Task material:
----
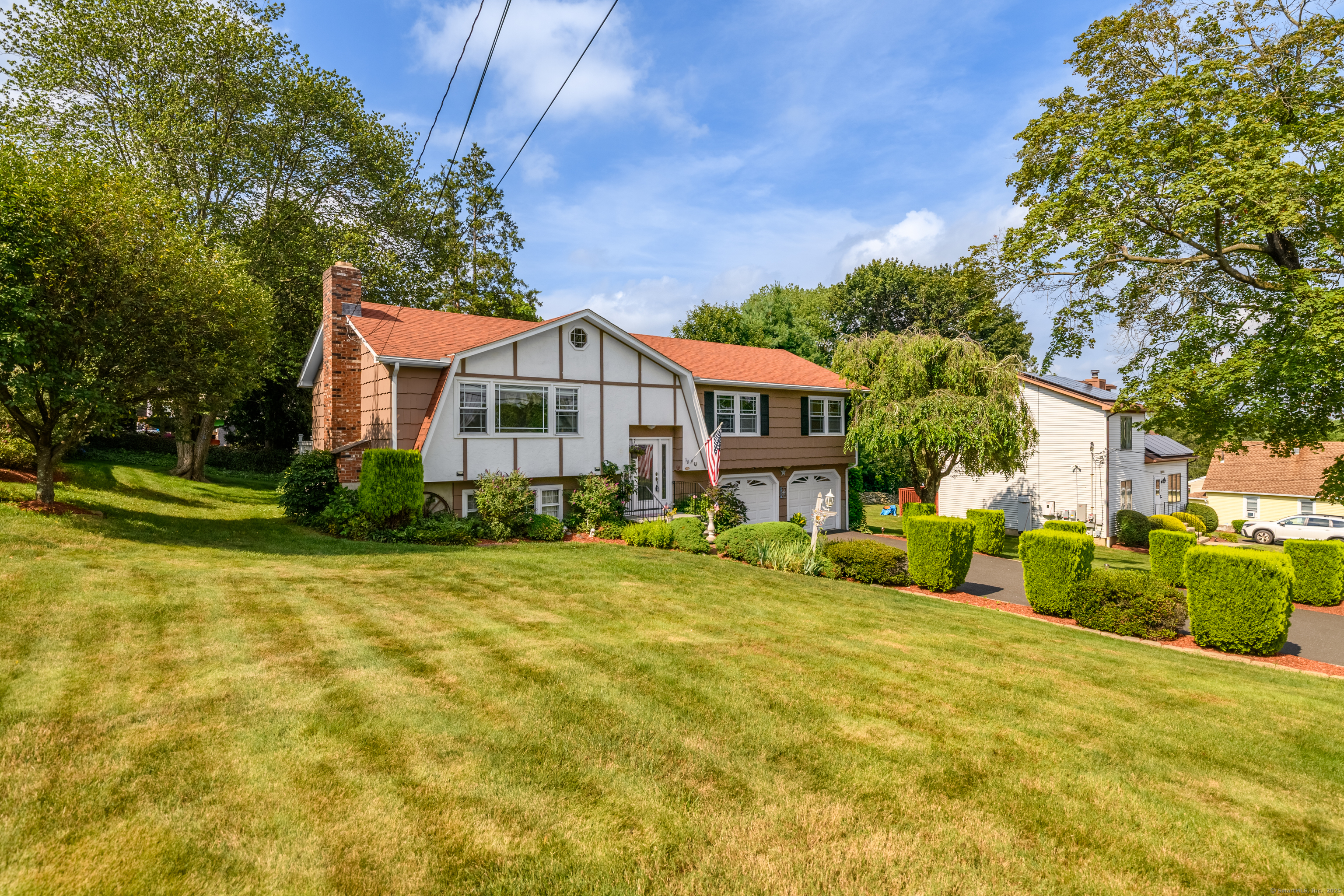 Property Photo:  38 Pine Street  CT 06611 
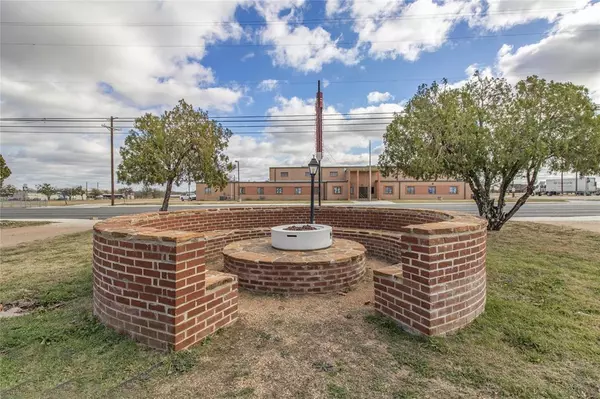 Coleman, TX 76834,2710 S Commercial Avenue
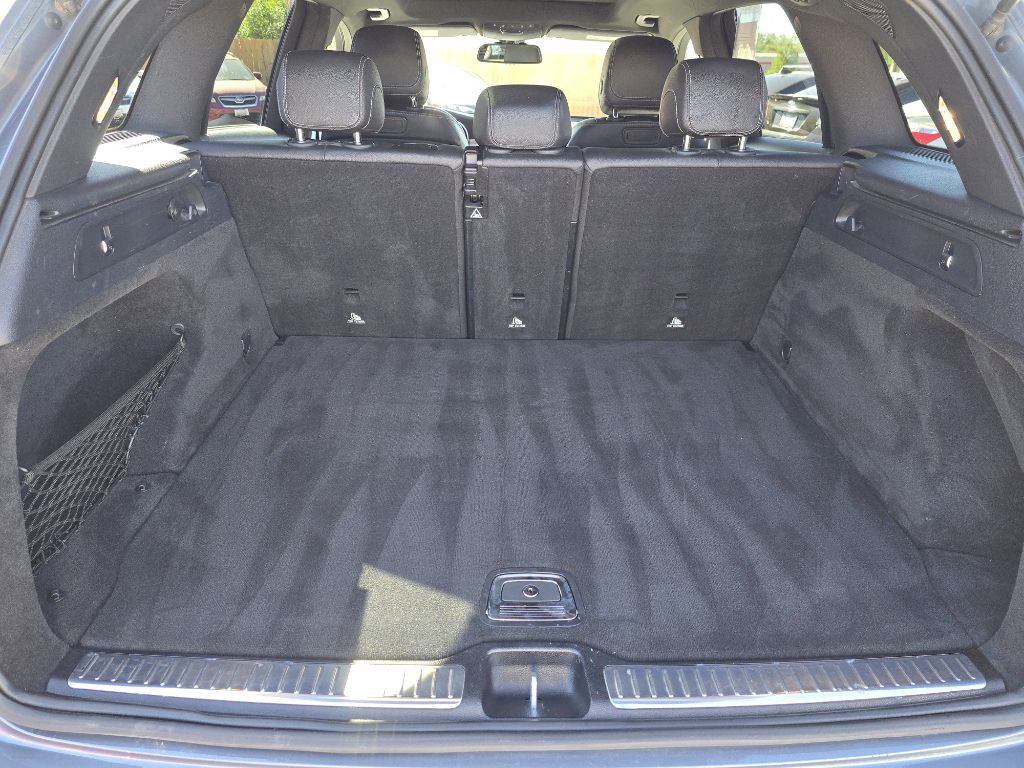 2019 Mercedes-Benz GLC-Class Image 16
----
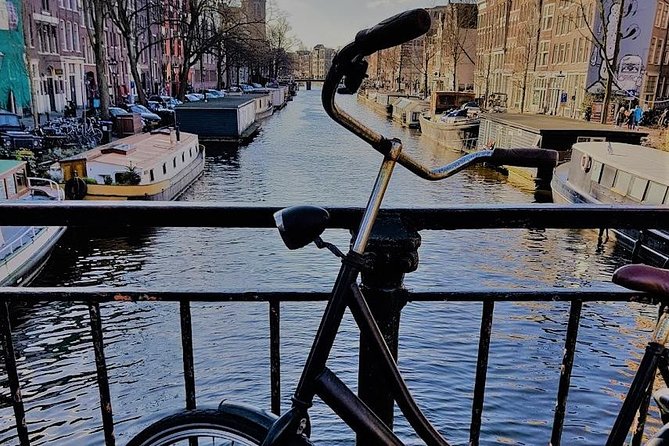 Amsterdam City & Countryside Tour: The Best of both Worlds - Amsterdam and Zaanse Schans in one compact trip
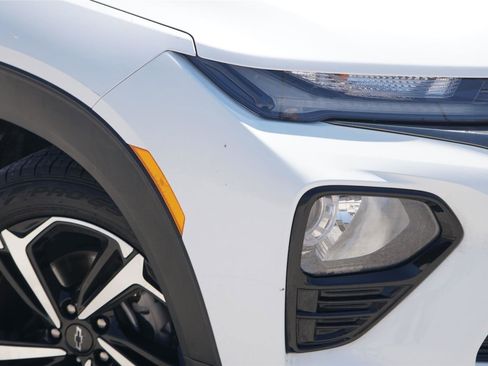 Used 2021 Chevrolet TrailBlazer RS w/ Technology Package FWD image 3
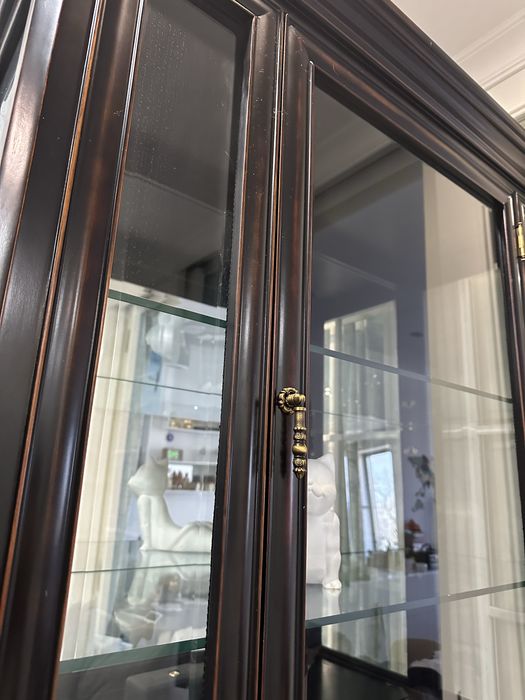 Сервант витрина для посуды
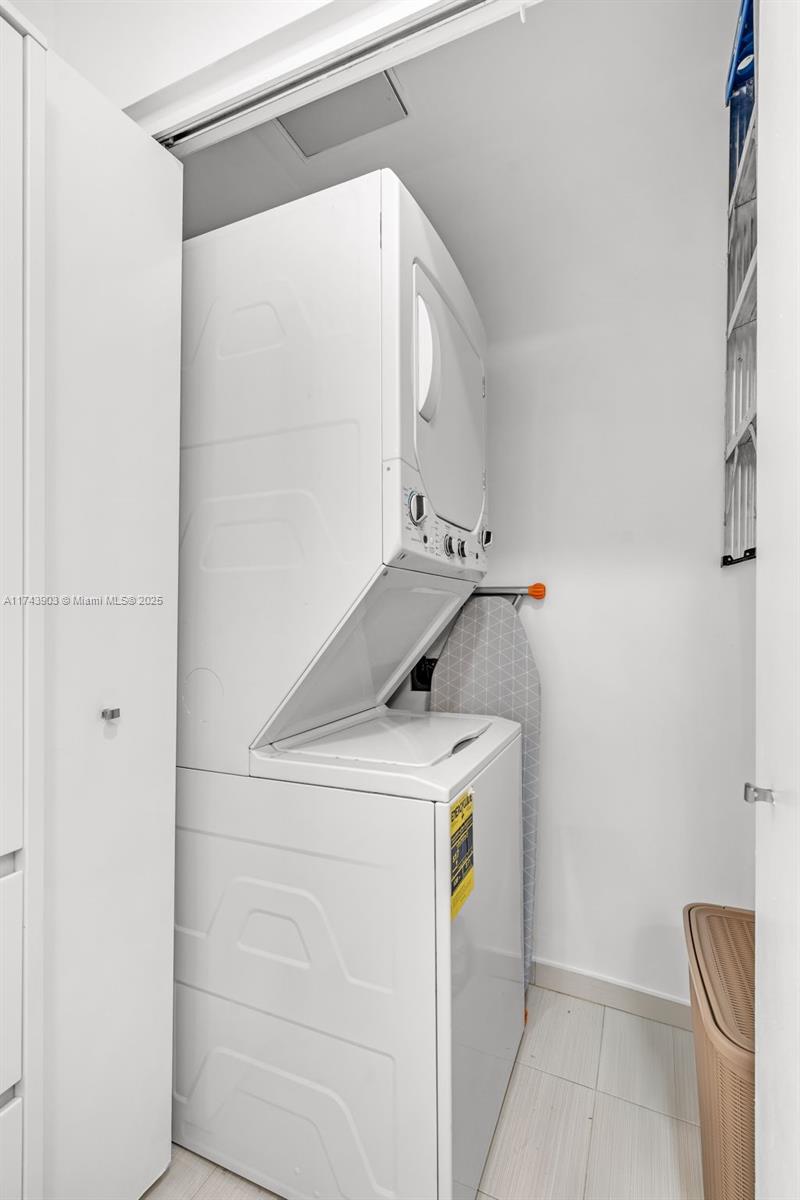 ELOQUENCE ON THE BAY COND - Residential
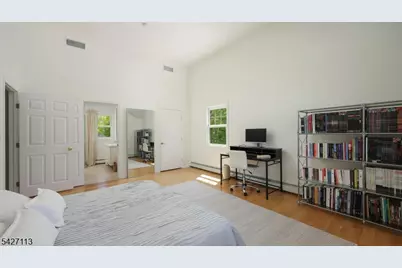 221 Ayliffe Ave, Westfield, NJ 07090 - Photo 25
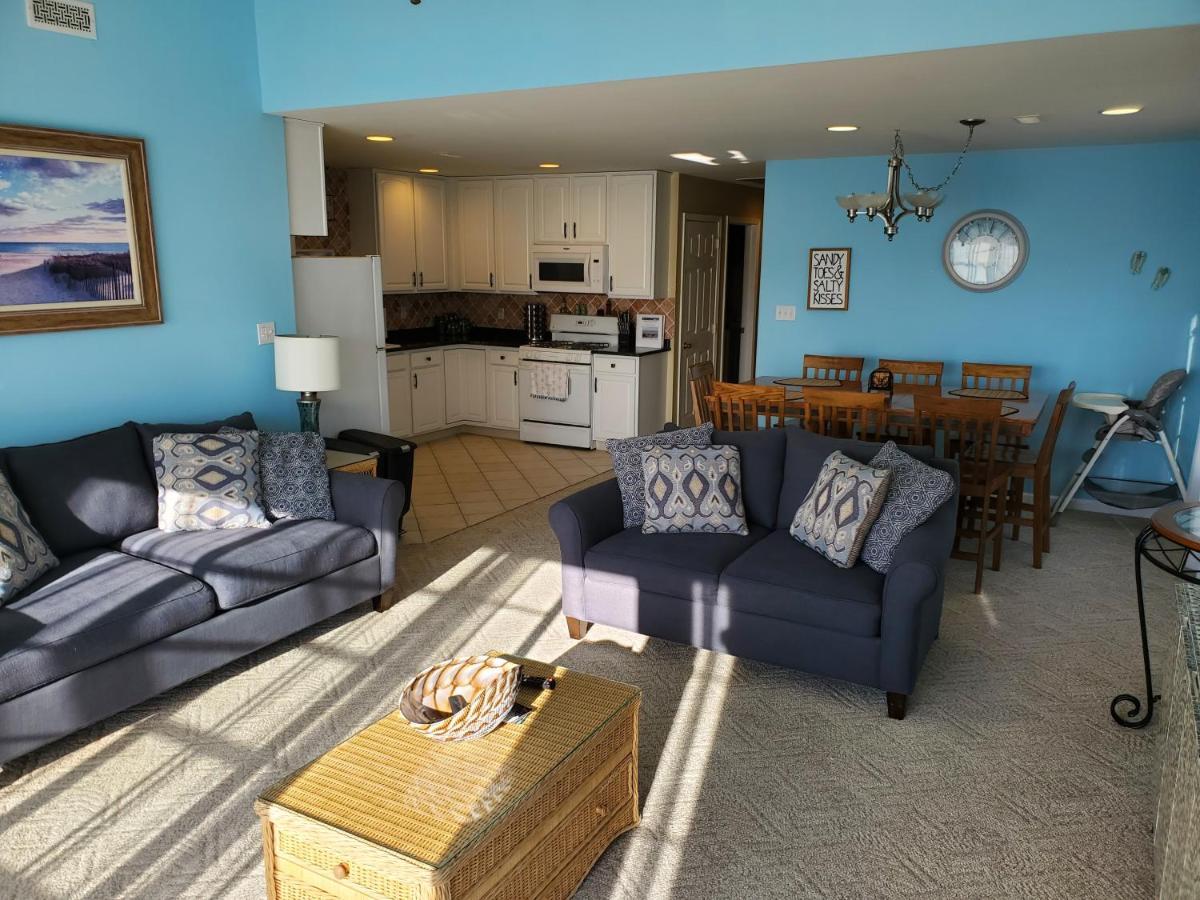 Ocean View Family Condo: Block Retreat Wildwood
----
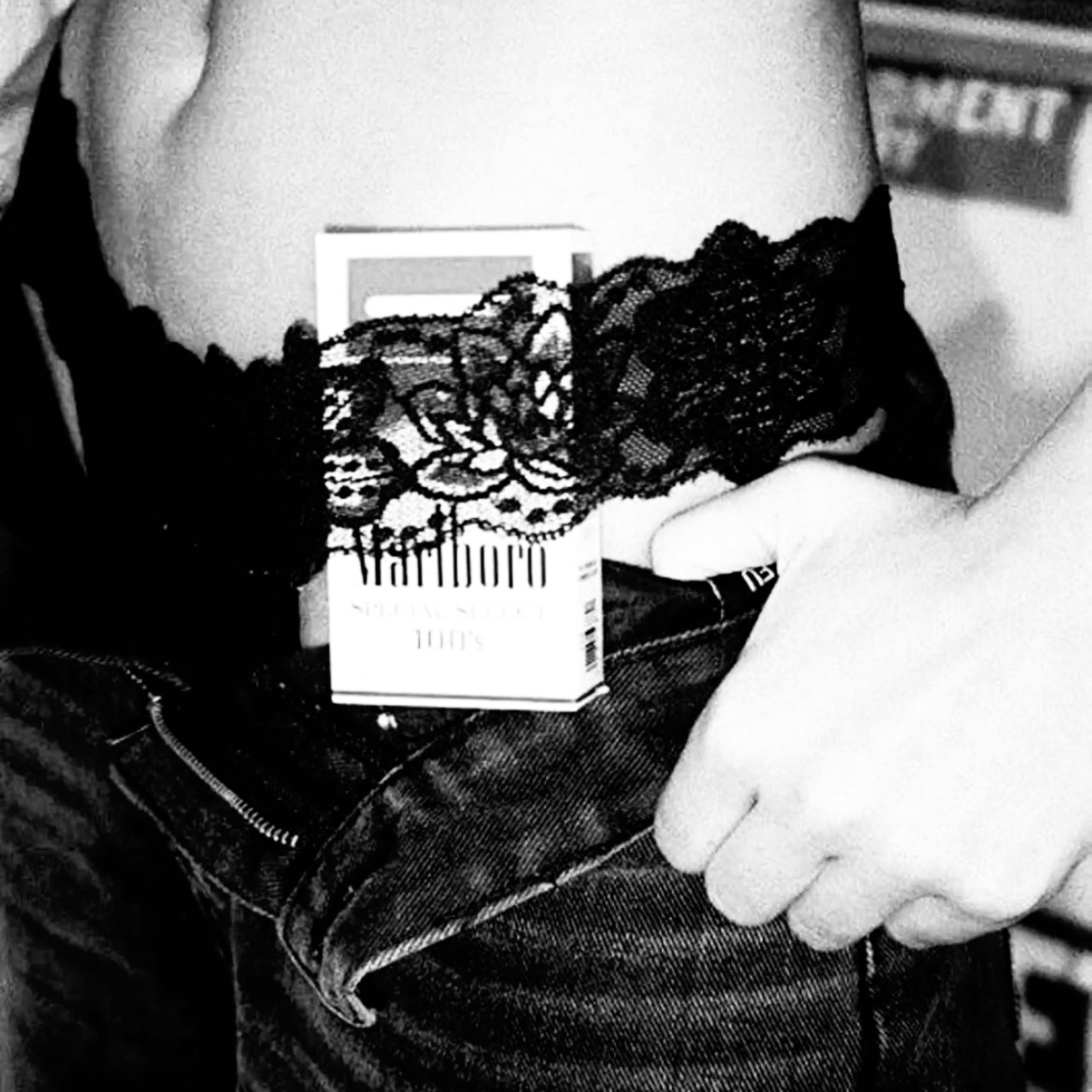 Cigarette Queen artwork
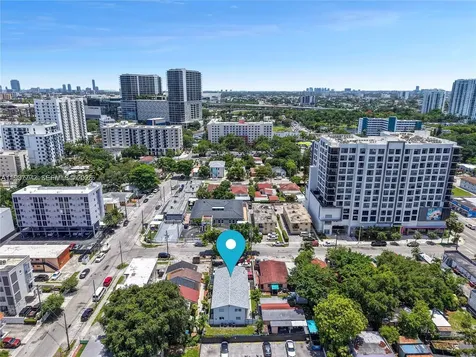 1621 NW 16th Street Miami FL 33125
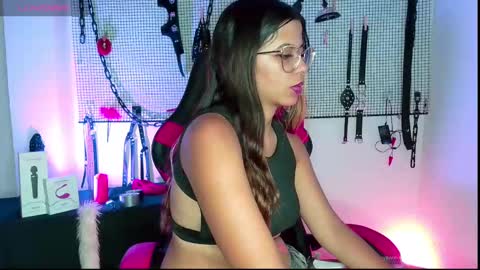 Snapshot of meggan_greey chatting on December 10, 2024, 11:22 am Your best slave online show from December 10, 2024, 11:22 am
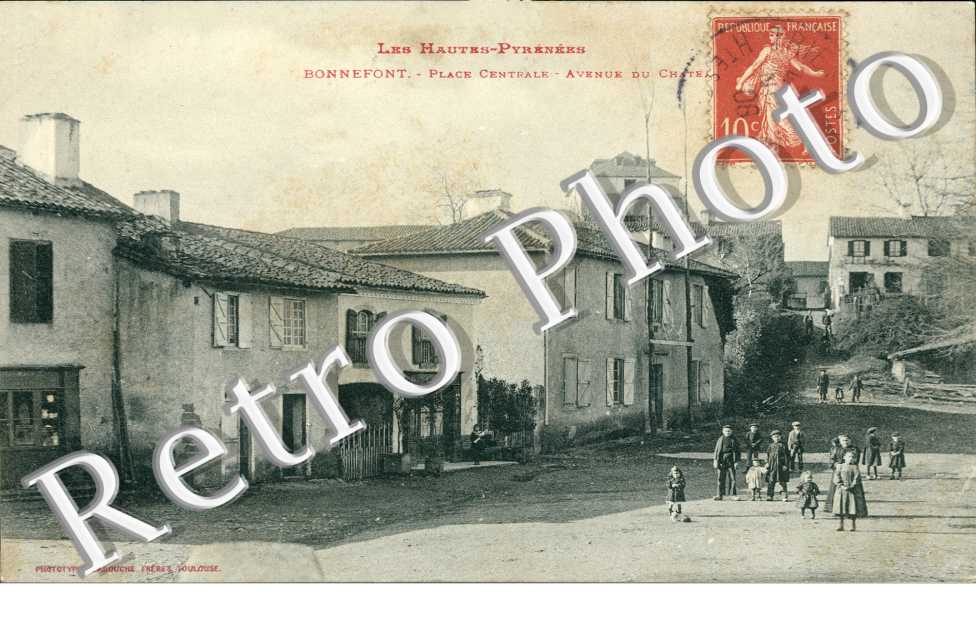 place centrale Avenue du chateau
----
What is being asked: Within the listing above, find the line containing "1621 NW 16th Street Miami FL 33125" and the line containing "place centrale Avenue du chateau". Transcribe them and everything between them exactly, leaving out the pictures.

Task response:
 1621 NW 16th Street Miami FL 33125
 Snapshot of meggan_greey chatting on December 10, 2024, 11:22 am Your best slave online show from December 10, 2024, 11:22 am
 place centrale Avenue du chateau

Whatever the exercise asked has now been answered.